According to README.md, the iterator is consumed when some is called, and this is illustrated by the following example:

const iter = [1, 2, 3].values();

iter.some(v => v > 1); // true
iter.some(v => true); // false, iterator is already consumed.

However, Array Iterator objects do not have a return method and therefore cannot be closed, so this example does not work as indicated. Subsequent calls to some will simply continue iterating until the iterator is actually consumed. Similarly, every and find methods will not always consume iterators that don't support closing.

It's unclear to me if this is simply a wrong example or something that should be addressed in the proposal (e.g. by adding %ArrayIteratorPrototype%.return()), but either way, it should be clarified.

Huh, I did not realize array iterators couldn't be closed.

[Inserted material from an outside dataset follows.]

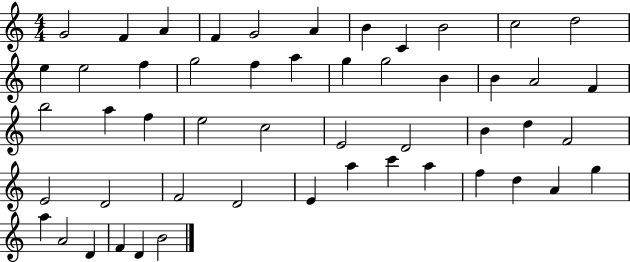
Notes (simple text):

G4/h F4/q A4/q F4/q G4/h A4/q B4/q C4/q B4/h C5/h D5/h E5/q E5/h F5/q G5/h F5/q A5/q G5/q G5/h B4/q B4/q A4/h F4/q B5/h A5/q F5/q E5/h C5/h E4/h D4/h B4/q D5/q F4/h E4/h D4/h F4/h D4/h E4/q A5/q C6/q A5/q F5/q D5/q A4/q G5/q A5/q A4/h D4/q F4/q D4/q B4/h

That's pretty weird:

let it = [0, 1, 2].values();
for (let a of it) { console.log(a); break; } // prints 0
for (let a of it) { console.log(a); break; } // prints 1
for (let a of it) { console.log(a); break; } // prints 2

Contrast generators:

let it = (function* (){ yield* [0, 1, 2]; })();
for (let a of it) { console.log(a); break; } // prints 0
for (let a of it) { console.log(a); break; } // does nothing
for (let a of it) { console.log(a); break; } // does nothing

I wonder if we could get away with changing the existing built-in iterators so they can be closed, to match generators. Possibly not at this point.

Anyway, yes, the example is wrong and should be corrected.